Every year, for the past decade and more, I have ‘retreated’ to north Norfolk in July to work in the studio of Michael Horn. His is not a well-known name in the artistic world nationally but, nevertheless, he paints deeply, increasingly exhibits to general acclaim, and has taught art throughout his professional life. Luckily for me, I fell under his spell at Mary Ward College, Queen Square, London, early in my attempts to paint, and while our relationship remains essentially that of ‘master’ and ‘pupil’ in artistic matters, we have become good friends and can paint happily for hours as colleagues at either end of his splendid studio to the strains of traditional jazz and classical music. This is why I have not attended to this site for ten days: I have been absorbed in Michael’s world of paint and good food – in the preparation of which he is also an artist.
We went to three different places to draw – something I am very weak at doing. We were rained off at all three but nevertheless acquired good material. One scene, involving of all things in rural north Norfolk, a small monumental arch and a grass-cut maze, I pursued from field sketch through five versions to finished studio painting.

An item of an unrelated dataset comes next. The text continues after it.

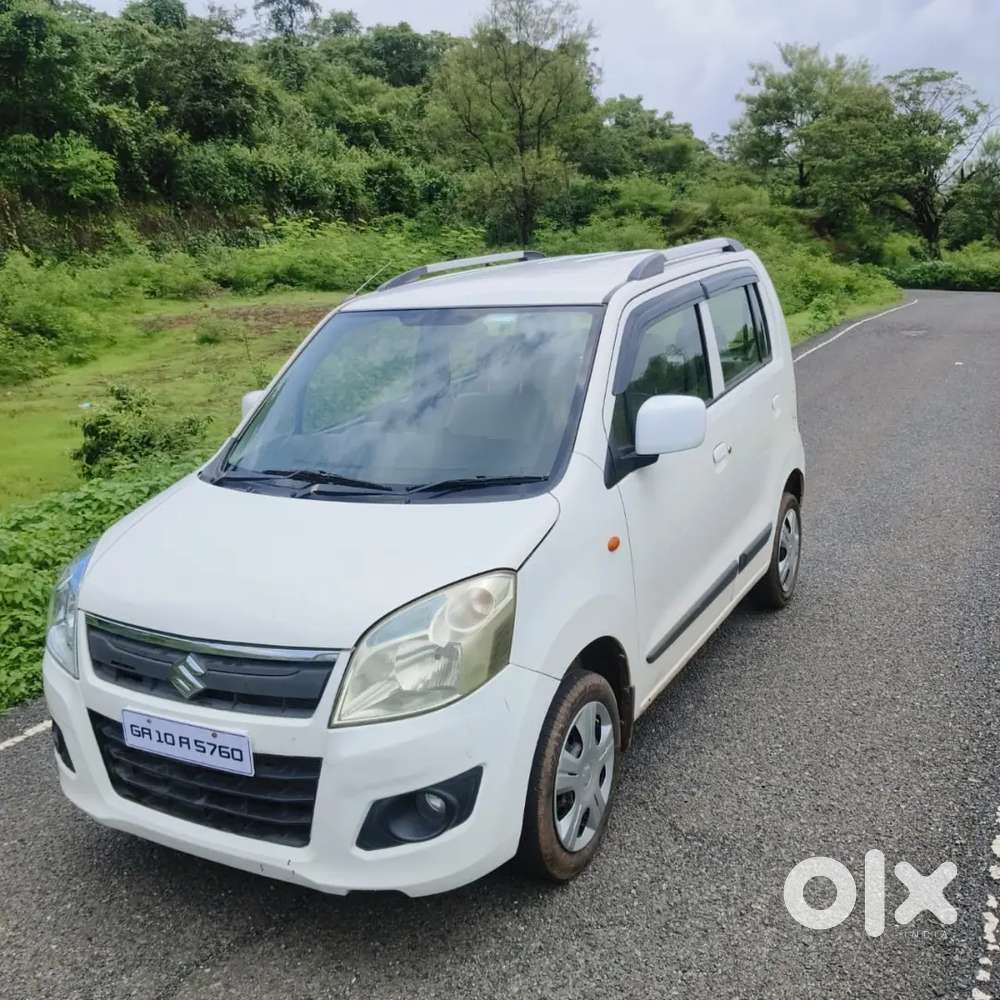 Maruti Suzuki Wagon R 2018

In the studio, where perforce we spent most of the time because of the weather, I worked on another project the other way round by drawing in excruciating detail the view of the studio from my easel through five versions through to an exhibit-worthy abstract painting (subsequently over-painted; the image shown here is a detail of the third stage during painting, looking towards the studio door on the left and at one of Michael’s large paintings centre and on the right).
These are excellent exercises for me, though don’t tell Michael, since in the normal course of events I have neither the discipline nor time to do such. Anyway, I came away clutching some 15 or so ‘works’ in my folder but, far more importantly, a little wiser and possibly a little more accomplished in matters painterly. Thank you, Michael.